While all California businesses are required to take certain safety precautions in order to protect their employees, there are some professions where employees will always be at risk for injury. If an employee does become injured while on the job, there are certain steps that should be taken.

The absolute first thing that an employer should do should an employee become injured is helping that employee seek medical attention. If the injury is serious or life threatening, the employer should contact emergency services. If the situation is a non-emergency, the employer should ensure that the employee gets to a medical care facility. Once the employee has begun to receive medical treatment, the employer should then secure the scene of the accident to avoid any other potential work injuries. Paperwork regarding the incident should be completed within 24 hours.

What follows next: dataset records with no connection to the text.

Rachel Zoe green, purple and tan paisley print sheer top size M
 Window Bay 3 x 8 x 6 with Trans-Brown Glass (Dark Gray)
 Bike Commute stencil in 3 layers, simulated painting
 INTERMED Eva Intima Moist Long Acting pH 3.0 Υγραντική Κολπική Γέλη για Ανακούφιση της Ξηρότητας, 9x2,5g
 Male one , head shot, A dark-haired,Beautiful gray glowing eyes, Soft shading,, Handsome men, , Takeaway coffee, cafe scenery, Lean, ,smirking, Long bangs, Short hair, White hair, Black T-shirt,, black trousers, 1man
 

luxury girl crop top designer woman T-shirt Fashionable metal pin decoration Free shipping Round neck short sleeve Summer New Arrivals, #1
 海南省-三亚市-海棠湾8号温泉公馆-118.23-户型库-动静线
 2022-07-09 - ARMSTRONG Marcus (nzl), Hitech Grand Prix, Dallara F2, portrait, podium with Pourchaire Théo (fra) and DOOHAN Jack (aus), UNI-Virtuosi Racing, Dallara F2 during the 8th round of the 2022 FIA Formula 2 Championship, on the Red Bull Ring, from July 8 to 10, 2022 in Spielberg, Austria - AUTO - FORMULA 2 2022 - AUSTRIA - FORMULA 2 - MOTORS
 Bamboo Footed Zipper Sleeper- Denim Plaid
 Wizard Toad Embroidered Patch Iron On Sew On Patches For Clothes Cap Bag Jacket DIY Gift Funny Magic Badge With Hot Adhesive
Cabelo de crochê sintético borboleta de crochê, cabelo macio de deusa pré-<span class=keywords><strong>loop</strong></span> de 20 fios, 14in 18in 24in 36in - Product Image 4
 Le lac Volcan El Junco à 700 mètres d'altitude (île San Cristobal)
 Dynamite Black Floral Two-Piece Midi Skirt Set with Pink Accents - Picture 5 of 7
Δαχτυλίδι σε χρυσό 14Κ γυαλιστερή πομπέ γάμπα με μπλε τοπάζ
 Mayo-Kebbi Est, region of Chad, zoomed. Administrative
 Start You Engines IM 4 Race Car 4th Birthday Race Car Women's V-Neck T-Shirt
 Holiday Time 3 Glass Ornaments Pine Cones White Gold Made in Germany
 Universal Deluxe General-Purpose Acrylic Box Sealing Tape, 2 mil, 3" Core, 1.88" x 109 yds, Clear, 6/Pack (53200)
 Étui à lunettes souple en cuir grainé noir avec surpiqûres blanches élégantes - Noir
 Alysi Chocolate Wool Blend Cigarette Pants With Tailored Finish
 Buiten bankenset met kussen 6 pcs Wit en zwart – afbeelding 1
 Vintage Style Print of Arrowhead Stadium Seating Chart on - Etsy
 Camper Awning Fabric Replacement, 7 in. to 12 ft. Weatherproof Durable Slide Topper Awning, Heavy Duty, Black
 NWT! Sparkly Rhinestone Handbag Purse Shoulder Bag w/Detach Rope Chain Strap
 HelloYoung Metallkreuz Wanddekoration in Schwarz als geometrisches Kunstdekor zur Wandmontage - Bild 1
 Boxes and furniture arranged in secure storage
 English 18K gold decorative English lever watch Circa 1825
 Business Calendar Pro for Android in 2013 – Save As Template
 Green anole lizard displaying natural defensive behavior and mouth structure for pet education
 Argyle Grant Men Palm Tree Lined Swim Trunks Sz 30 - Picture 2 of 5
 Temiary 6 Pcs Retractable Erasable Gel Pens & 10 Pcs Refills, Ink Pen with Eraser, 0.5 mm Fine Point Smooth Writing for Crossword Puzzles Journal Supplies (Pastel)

Because a work-related injury could keep the employee from being able to return to work for some time, employers should implement a return-to-work transitional program. The program usually is flexible by allowing employees who are medically cleared to return to work but may still be unable to perform their previous tasks. Finally, employers should be aware of any factors that could lead to injuries. If those factors can be mitigated, the number of work-related injuries could be reduced.

All work-related accidents have the ability to leave an employee with severe or even life-altering injuries. These injuries, which could include neck, back and spinal cord injuries, can be extremely costly and can keep an employee from being able to return to work for a long period of time. If an employer's insurance company fails to provide or denies an injured employee their workers' compensation benefits, an attorney may assist by filing a claim against the employer or the employer's insurance company.